Pocas cosas hay más reconfortantes en invierno que rodear una taza de café humeante con las manos frías. Envolverla con los dedos lentos y torpes y sentir cómo el calor llega primero a nuestra piel y la atraviesa hasta tocar lo más profundo de nuestro ser se convierte en un momento glorioso que roza el misticismo y nos hace viajar miles de años en el tiempo hasta el descubrimiento del fuego, esa poderosa energía destructora y sin embargo tan fundamental para la vida, responsable en gran medida de nuestra evolución como especie y de dotarnos de eso que llamamos humanidad.

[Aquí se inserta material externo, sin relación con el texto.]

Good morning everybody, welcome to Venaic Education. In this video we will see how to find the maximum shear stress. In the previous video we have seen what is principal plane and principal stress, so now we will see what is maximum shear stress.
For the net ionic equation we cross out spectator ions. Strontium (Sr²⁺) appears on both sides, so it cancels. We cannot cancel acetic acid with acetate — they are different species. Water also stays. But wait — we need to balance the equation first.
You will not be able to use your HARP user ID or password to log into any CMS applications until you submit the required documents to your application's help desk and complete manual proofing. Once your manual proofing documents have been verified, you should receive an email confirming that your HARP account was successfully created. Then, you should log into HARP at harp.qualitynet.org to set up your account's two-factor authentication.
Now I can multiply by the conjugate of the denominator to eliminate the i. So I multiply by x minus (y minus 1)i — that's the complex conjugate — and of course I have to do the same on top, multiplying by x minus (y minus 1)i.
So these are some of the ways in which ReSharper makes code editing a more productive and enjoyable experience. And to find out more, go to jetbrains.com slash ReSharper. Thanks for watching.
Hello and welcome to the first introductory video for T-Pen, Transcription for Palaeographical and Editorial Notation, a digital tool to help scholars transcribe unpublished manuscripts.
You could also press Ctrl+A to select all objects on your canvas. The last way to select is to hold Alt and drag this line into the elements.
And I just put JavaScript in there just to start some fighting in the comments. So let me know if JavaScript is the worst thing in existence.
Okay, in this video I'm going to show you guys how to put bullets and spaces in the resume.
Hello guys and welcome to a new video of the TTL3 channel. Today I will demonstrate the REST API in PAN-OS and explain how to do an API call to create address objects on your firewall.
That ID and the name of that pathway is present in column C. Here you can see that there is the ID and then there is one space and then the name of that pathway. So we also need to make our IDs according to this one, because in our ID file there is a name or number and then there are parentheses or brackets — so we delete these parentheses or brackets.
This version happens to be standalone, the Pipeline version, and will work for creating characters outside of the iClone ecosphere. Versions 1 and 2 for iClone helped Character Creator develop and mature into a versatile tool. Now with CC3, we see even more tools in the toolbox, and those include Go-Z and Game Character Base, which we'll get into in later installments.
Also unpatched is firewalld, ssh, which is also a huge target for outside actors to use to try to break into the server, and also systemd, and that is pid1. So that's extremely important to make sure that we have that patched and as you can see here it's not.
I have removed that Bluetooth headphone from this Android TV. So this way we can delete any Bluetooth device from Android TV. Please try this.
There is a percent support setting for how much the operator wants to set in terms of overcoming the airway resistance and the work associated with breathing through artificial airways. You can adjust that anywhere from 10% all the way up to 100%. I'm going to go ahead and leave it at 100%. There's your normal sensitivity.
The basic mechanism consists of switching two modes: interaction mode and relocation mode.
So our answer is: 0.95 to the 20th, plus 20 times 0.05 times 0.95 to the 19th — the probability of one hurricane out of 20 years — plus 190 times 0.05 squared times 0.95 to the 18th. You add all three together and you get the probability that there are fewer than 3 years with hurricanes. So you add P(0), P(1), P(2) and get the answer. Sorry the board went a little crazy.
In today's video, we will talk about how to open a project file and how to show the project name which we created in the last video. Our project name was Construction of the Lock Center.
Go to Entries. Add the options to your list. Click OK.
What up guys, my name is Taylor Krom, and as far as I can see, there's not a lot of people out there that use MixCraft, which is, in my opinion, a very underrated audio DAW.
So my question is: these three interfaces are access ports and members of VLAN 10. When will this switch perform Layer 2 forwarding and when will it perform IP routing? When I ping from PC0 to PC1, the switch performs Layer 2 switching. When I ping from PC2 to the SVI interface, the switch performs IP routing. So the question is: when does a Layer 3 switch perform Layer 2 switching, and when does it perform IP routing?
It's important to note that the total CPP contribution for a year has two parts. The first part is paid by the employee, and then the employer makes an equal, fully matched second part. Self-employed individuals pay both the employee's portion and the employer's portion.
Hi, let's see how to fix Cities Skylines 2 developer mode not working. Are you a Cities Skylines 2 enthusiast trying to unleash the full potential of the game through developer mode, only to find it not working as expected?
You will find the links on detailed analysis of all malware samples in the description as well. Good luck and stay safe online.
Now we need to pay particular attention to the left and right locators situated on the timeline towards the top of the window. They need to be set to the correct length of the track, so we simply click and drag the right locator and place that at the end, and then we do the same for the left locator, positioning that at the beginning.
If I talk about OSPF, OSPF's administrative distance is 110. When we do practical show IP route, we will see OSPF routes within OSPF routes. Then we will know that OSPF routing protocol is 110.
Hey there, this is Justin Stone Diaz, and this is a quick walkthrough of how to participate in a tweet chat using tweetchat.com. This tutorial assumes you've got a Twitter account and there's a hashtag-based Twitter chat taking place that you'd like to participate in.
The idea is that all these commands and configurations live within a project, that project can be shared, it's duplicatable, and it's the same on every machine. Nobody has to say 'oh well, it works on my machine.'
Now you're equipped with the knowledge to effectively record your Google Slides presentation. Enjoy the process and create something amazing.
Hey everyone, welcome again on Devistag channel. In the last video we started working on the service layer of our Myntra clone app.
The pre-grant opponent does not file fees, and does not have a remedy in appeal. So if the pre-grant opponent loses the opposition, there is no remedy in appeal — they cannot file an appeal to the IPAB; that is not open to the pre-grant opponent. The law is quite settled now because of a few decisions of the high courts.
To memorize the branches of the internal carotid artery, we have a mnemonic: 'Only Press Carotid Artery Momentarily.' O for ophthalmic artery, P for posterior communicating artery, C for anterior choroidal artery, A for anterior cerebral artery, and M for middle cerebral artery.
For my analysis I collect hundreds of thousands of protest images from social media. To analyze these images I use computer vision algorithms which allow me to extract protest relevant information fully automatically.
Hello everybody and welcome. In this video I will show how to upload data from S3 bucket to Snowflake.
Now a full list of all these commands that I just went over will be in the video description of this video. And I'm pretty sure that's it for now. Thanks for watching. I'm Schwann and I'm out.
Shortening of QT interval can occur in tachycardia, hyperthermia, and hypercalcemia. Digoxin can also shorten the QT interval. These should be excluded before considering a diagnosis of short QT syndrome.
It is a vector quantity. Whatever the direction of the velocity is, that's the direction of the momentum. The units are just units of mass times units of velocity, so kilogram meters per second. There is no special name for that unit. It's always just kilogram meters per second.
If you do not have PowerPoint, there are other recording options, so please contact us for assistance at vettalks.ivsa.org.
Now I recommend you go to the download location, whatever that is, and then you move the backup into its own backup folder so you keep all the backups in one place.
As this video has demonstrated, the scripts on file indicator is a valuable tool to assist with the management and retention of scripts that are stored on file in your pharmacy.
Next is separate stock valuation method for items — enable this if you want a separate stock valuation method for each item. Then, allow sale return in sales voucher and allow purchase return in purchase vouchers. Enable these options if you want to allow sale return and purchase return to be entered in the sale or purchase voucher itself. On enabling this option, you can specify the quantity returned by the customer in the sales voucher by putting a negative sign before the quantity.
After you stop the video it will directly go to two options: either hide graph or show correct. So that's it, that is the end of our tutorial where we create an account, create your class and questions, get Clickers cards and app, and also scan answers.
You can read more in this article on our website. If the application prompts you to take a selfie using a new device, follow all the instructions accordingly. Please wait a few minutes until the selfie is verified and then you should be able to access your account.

Estamos en esa época del año en la que somos tan propensos a la caridad soluble, la solidaridad desechable, la sonrisa instantánea y la lágrima fácil. De alguna manera hemos llegado a una especie de acuerdo social mediante el cual ignoramos la hipocresía y la voracidad por unos días. Nos sentamos a cenar habiendo hecho acopio previamente de la cantidad necesaria de sales de frutas para ayudarnos a digerir los excesos y aliviar el malestar ocasionado por los mordiscos de la conciencia. Nuestro estómago no debe ser muy diferente al de las palomas.
Para soportar tanta frivolidad es necesario volver cada día a esa taza de café y alcanzar el éxtasis tras beber su contenido.